|To Spray or Not to
Pesticide Spraying for Mosquitoes that Carry West Nile Virus Did NOT Contaminate People
June 10, 2005
Mosquitoes carry a variety of diseases that can be transmitted to humans. West Nile virus, a mosquito-borne disease that affects the nervous system, has spread to almost every state in the US. To control mosquitoes, officials sometimes spray pesticides to kill the insects. Some people worry that exposure to pesticides can cause human health problems. Three recent studies should help calm these fears: they show that people in areas sprayed with pesticides to control mosquitoes did not have elevated levels of pesticides.
Study 1: Mississippi, 2002Why spray: Epidemic of West Nile virus.
What sprayed: Ultra-low volume spraying of the pesticide permethrin.
Who tested: 125 people inside spray area; 67 people outside spray area.
Results: The urine levels of pesticide metabolites in people inside and outside of the spray area were not statistically different. However, people who used pesticides on their pets had higher levels of pesticide metabolites in their urine than those people who did not use pesticides on their pets.
Study 2: North Carolina, 2003Why spray: Mosquito populations were expected to increase after the heavy rains brought by Hurricane Isabel in 2003.
What sprayed: Ultra-low volume spraying of the pesticides naled and permethrin.
Who tested: 75 people inside of the spray area who provided urine samples before and after the spraying.
Results: People inside of the spray area did not have increased levels of pesticide metabolites in their urine. However, people who worked on farms or handled pesticides as part of their jobs had higher pesticide levels than those people who did not work on farms or handle pesticides.
Study 3: Virginia, 2003Why spray: Mosquito populations were expected to increase after the heavy rains brought by Hurricane Isabel in 2003.
What sprayed: Ultra-low volume spraying of naled and d-phenothrin.
Who tested: 83 people inside of the spray area who provided urine samples before and after spraying.

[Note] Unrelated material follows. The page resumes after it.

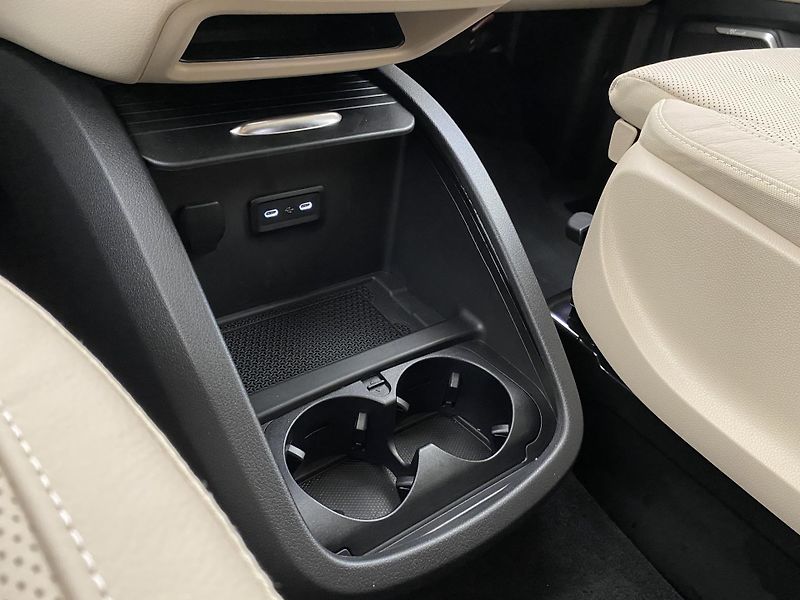 Mercedes-Benz Třídy V 300d AVANTGARDE 4MATIC AUT 7m - fotka 25 z 68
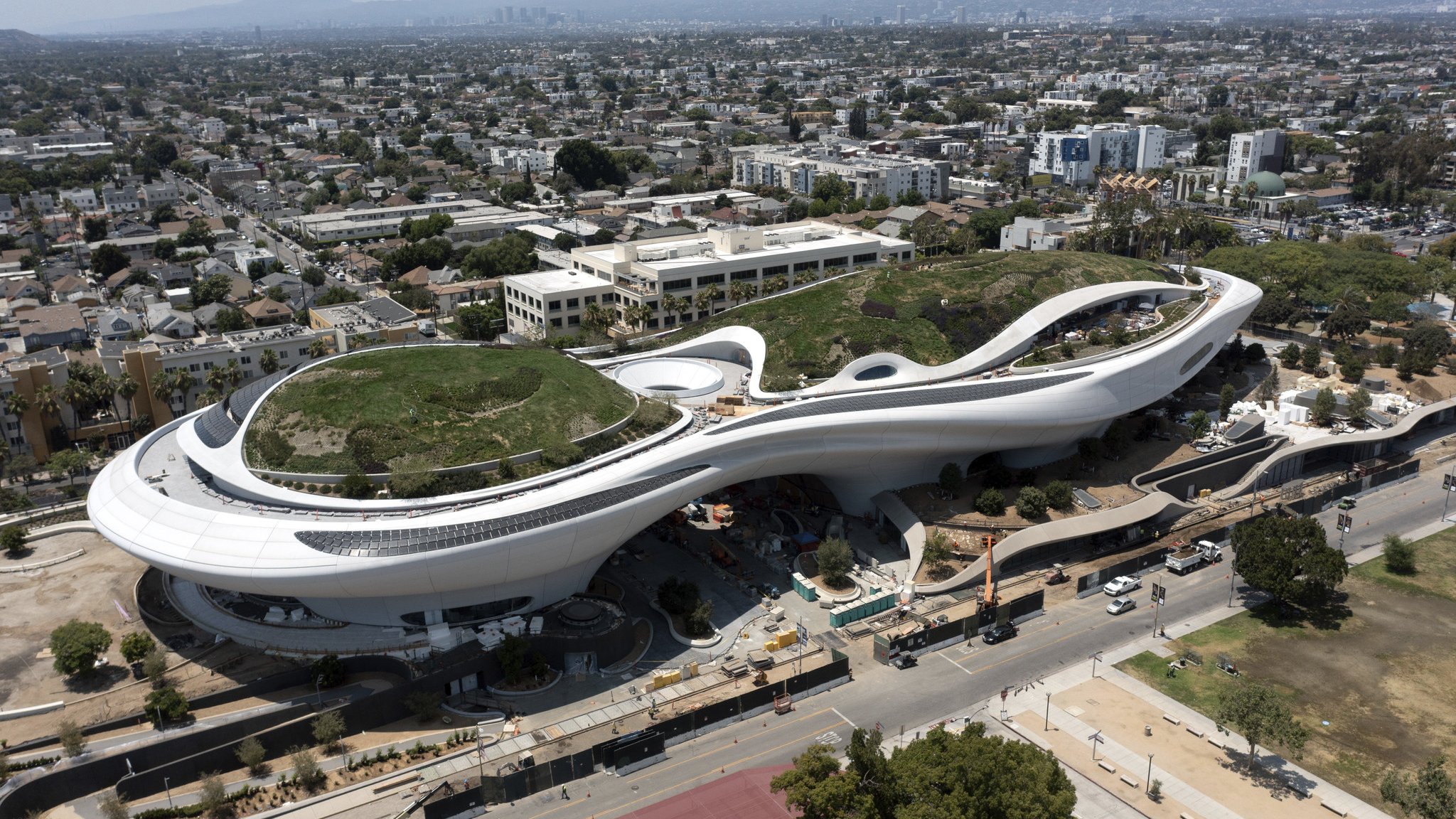 Lucas Museum of Narrative Art Offers Free Admission to Neighboring Residents Ahead of Opening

Results: There was no difference in the amounts of pesticide metabolites in the urine of people tested before and after spraying.
The results of these three studies are a breath of fresh air to those who were concerned about the dangers of spraying the pesticides. Long-term exposure to naled, permethrin and d-phenothrin can cause skin, respiratory, digestive and nervous system problems. However, as these studies show, the ultra-low volume spraying of these pesticides did not appear to cause increased levels of the pesticides in people who lived in the sprayed areas. This is good news to people who live in areas with mosquitoes carrying West Nile virus.